D'après l'accord, il appartenait au gouvernement - après appel à candidatures - de désigner et de superviser ce contrôleur. Boeing devait être consulté - avec droit de veto sur un des six candidats proposés par le ministère -, mais pas le tribunal.
Faisant référence aux déclarations de Boeing devant le tribunal et de ses positions en matière de DEI, le juge "s'inquiète" dans sa décision rendue jeudi que l'avionneur exerce son droit de veto "d'une manière discriminatoire et avec des considérations raciales".
Et il se dit "sceptique" face aux assurances du gouvernement que le superviseur serait choisi "uniquement en fonction du mérite et du talent", regrettant que l'accord de juillet ne définisse pas les termes "diversité" et "inclusion".

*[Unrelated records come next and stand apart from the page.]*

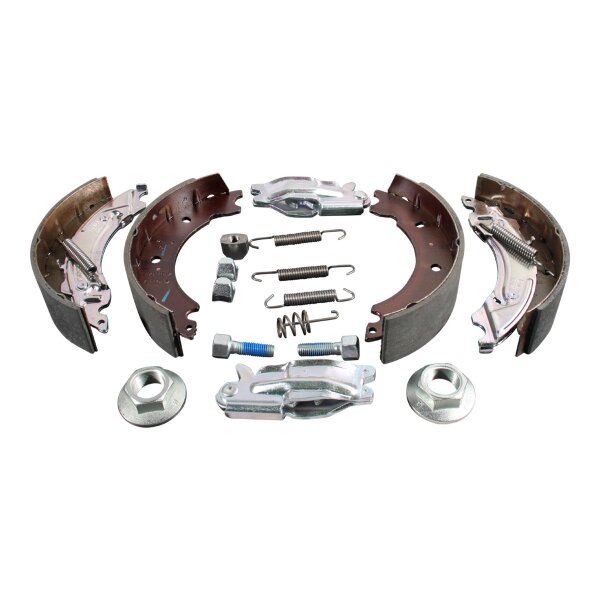 Knott Bremsbelagsatz 20-2425/1 200x50 spreiz backmatic inkl. Flanschmutter und Spreizsperren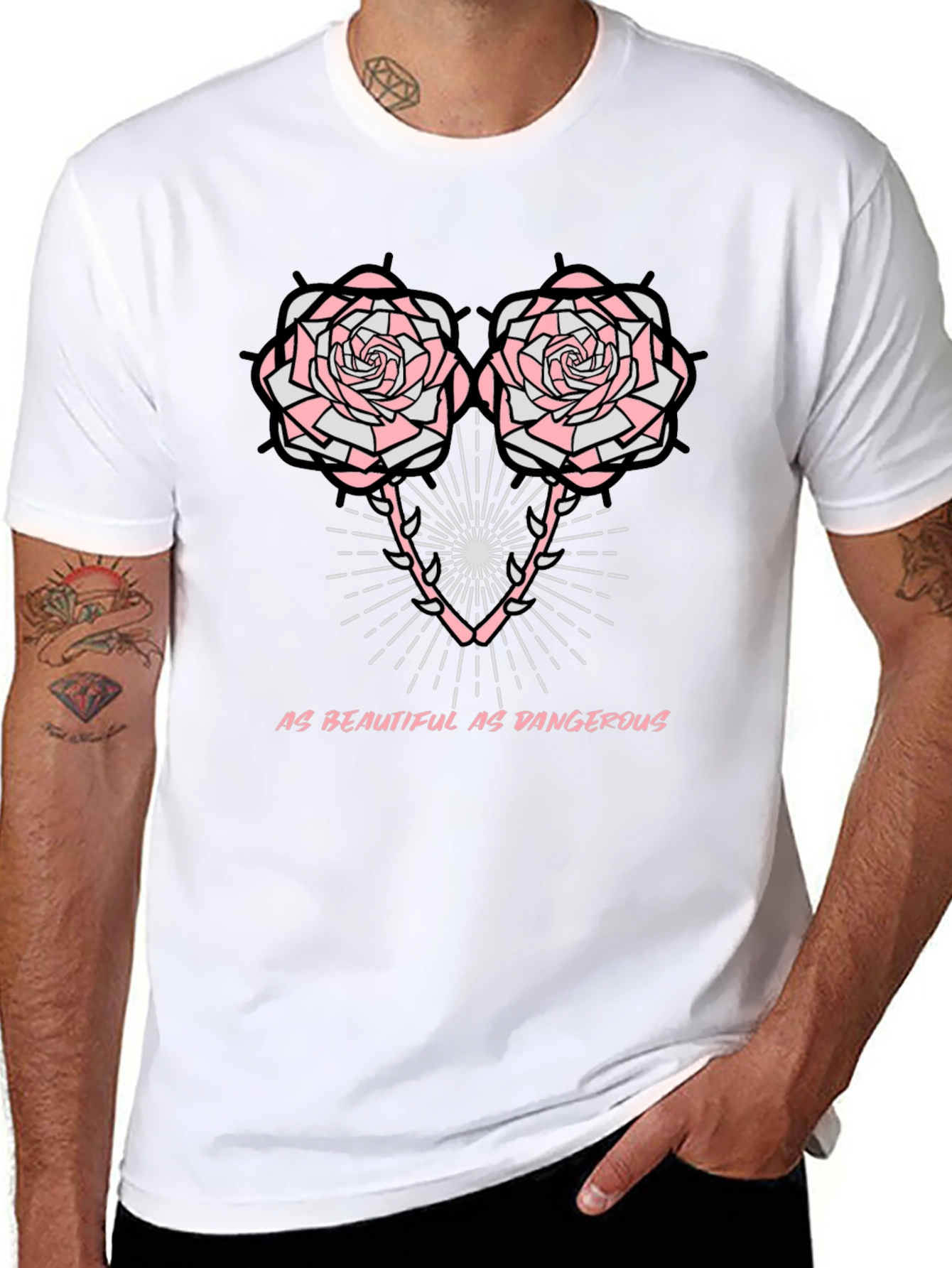 As Beautiful As Dangerous T-Shirt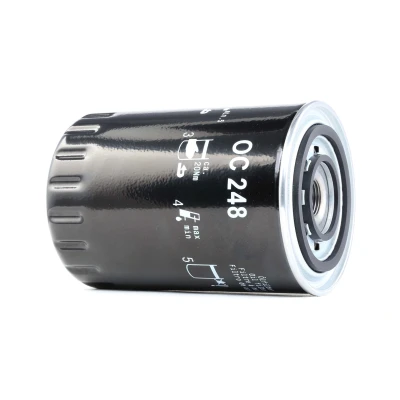 Bilde av MAHLE ORIGINAL OC 248 Oljefilter ikke for ombygd montering, med en retursperreventil Påskruingsfilter FIAT: Ducato II Flatvogn lastebil/Chassis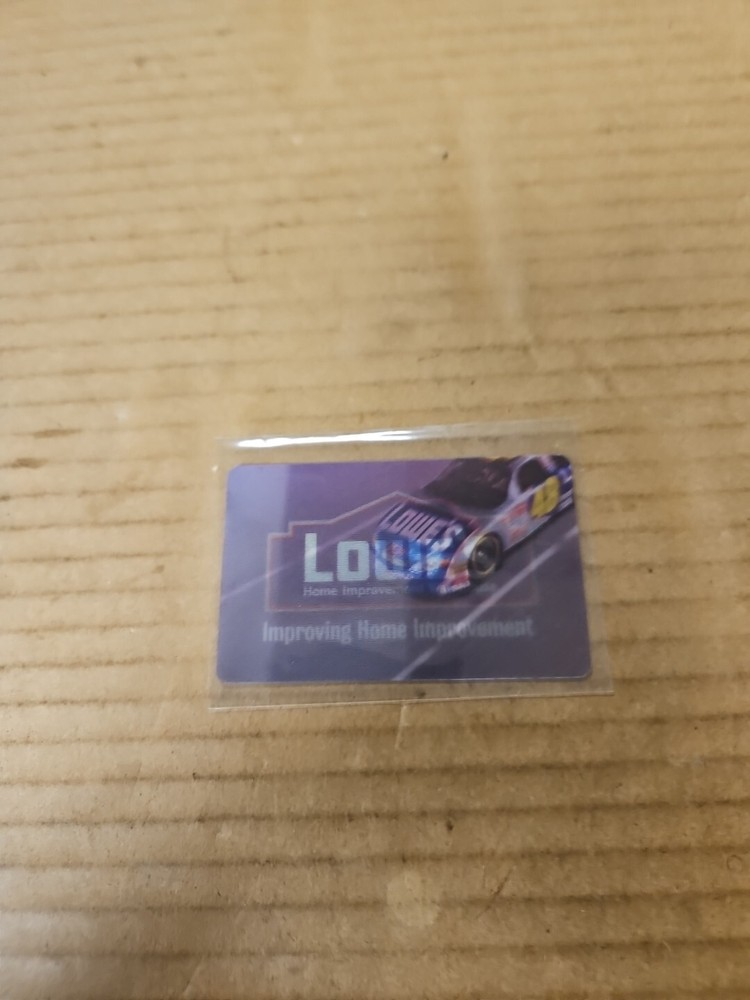 MOTION IMAGE Vintage Lowe’s Credit Card *SEE PICS*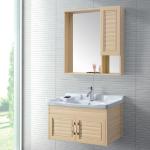 Modern Alunimun Bathroom Vanity/ aluminum alloy bathroom cabinet/Mirror Cabinet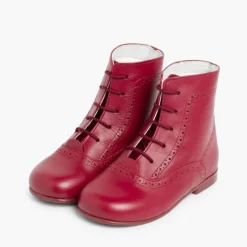 Menino Pisamonas Botas Pele Atacadores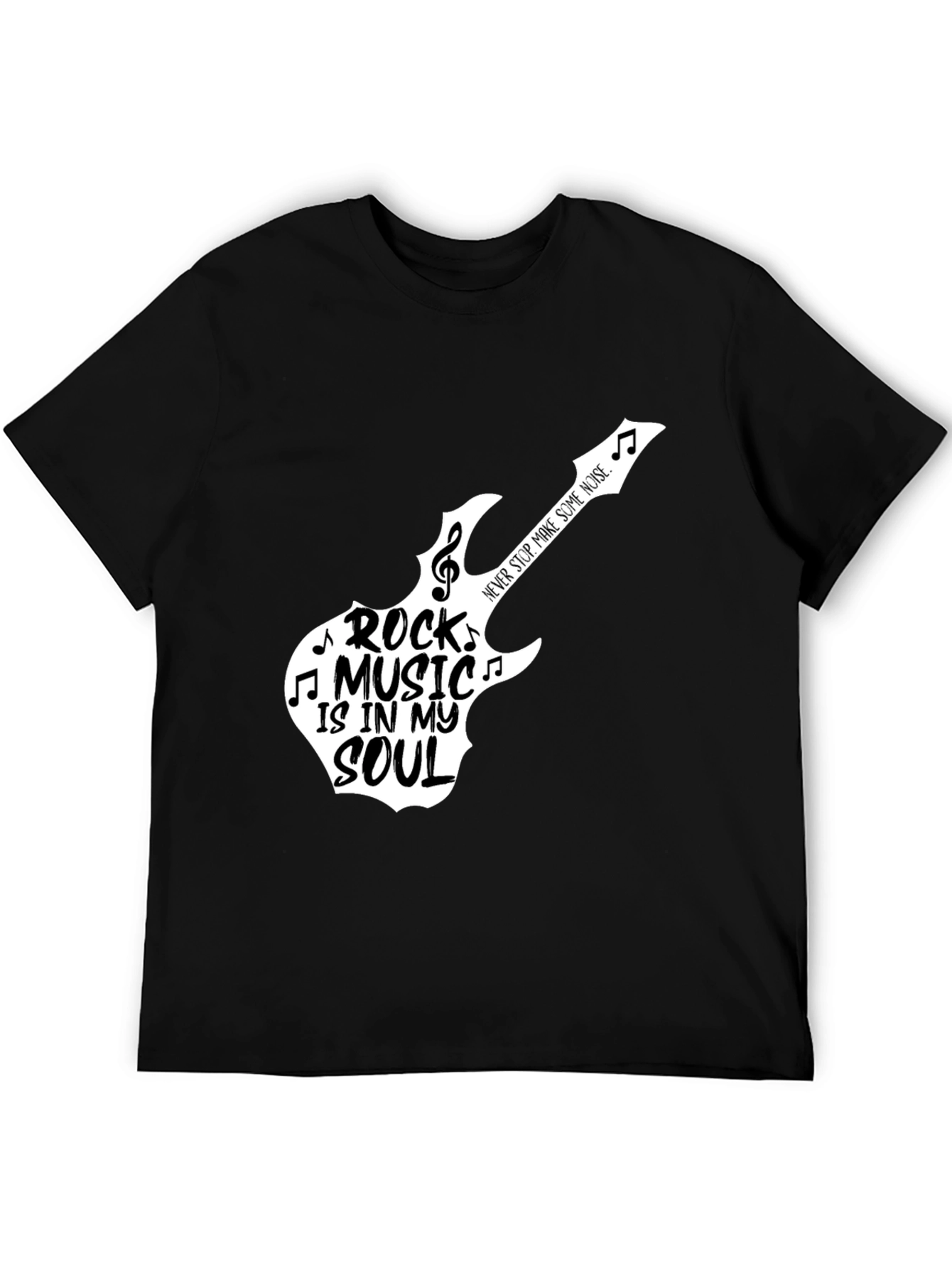 Rock Music Soul Graphic T-Shirt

Cette nomination était réclamée par les familles de victimes depuis des années mais elles se sont opposées au mode de désignation.
"Le rejet catégorique de l'accord de plaider-coupable constitue une importante victoire pour les familles", a immédiatement réagi Paul Cassell, professeur de droit à l'université de l'Utah et avocat de familles dans ce volet pénal, dans un communiqué.
Selon lui, ce rejet devrait provoquer "une renégociation importante" de cet accord.
Sollicités par l'AFP, Boeing et le ministère n'ont pas réagi dans l'immédiat.
- Problèmes de production -
L'accord de plaider-coupable est intervenu après que les procureurs ont conclu que Boeing avait bafoué un accord antérieur concernant les accidents des compagnies Lion Air en octobre 2018 et Ethiopian Airlines en mars 2019.
Cet accord dit de poursuite différée (DPA), datant de 2021 et d'une durée de trois ans, lui imposait d'améliorer son programme de conformité et d'éthique.
Le groupe avait aussi payé 2,5 milliards de dollars - dont une amende de 243,6 millions - en échange notamment d'une immunité pour ses dirigeants contre des poursuites pénales.
Mais, en janvier 2024, Boeing a replongé dans la crise lorsqu'un 737 MAX 9 d'Alaska Airlines a dû faire un atterrissage d'urgence après le décrochage en vol d'un panneau de fuselage. L'appareil avait été livré en octobre.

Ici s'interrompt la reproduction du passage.